From the Associated Press Columbus police are improperly shielding the complete files of a long-closed criminal case, according to a public records lawsuit that contends police around the state increasingly refuse to release such records until all chance of appeals are exhausted, usually because the defendant is dead.
At issue is an attempt by the Ohio Innocence Project to review the case of a man sentenced to 38 years in prison for killing a woman in 2005. The project doesn’t represent defendant Adam Saleh but wants to review the records, which Saleh alleges will bolster his claim that he didn’t do it.

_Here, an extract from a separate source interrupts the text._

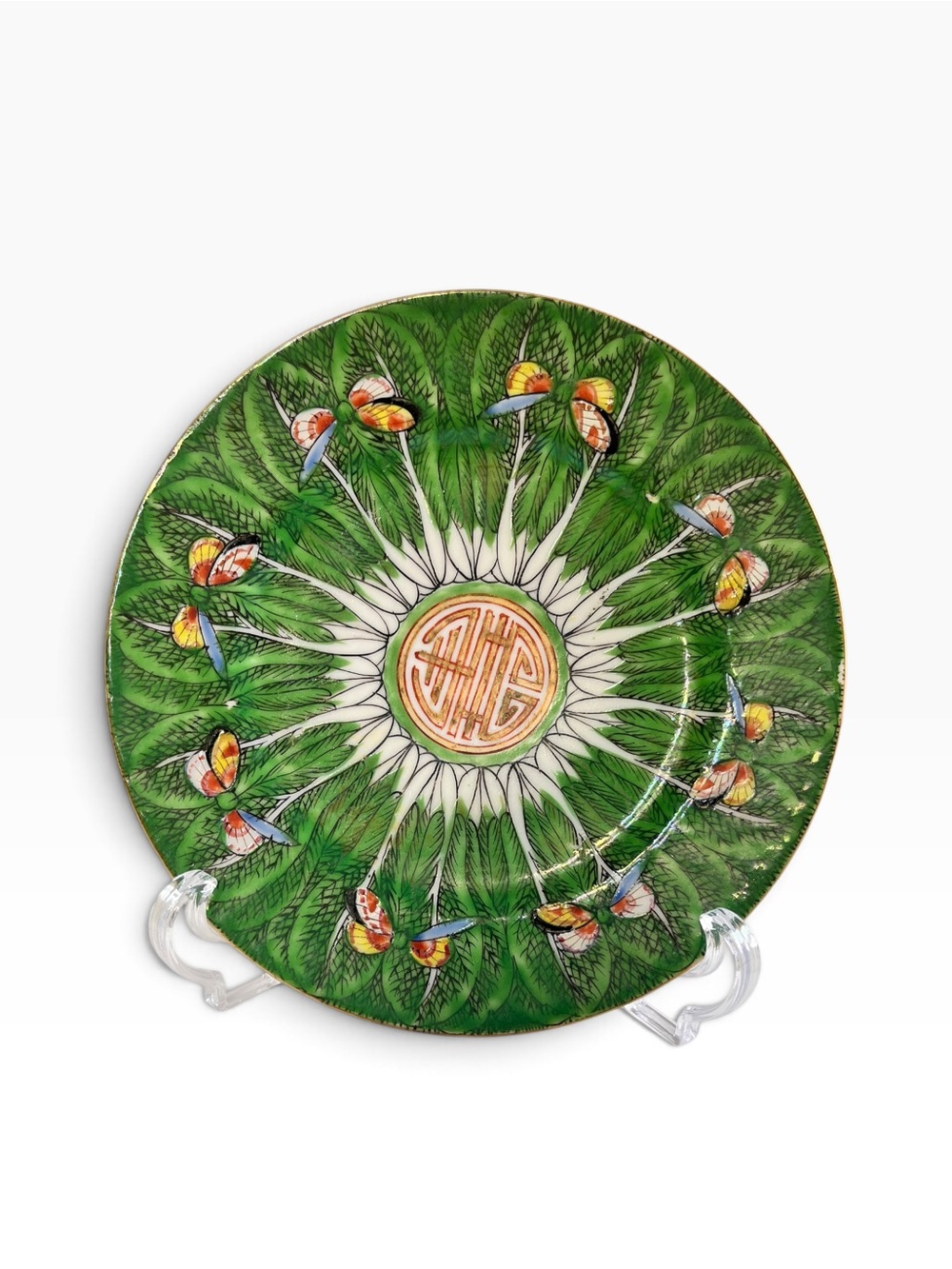 Antique Chinese Famille Verte Porcelain Plate
71/2" (c)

The broader issue, according to the lawsuit, is that police departments are wrongly interpreting prior court rulings when it comes to the public’s right to get information about closed cases.
The agencies are using their interpretation “to rationalize blanket denials of public records requests by both criminal defendants and members of the general public,” according to the lawsuit by Cincinnati attorney Donald Caster.
A 2000 appeals court ruling said police aren’t obligated to release the files without proof that no further appeals are possible, “e.g., the defendant’s death.”
The suit says changes in Ohio Supreme Court evidence rules have addressed concerns raised by older court rulings regarding the release of case files. The lawsuit wants the court to order Columbus to make the records immediately available.
The court referred the case to mediation. The city attorney’s office declined comment.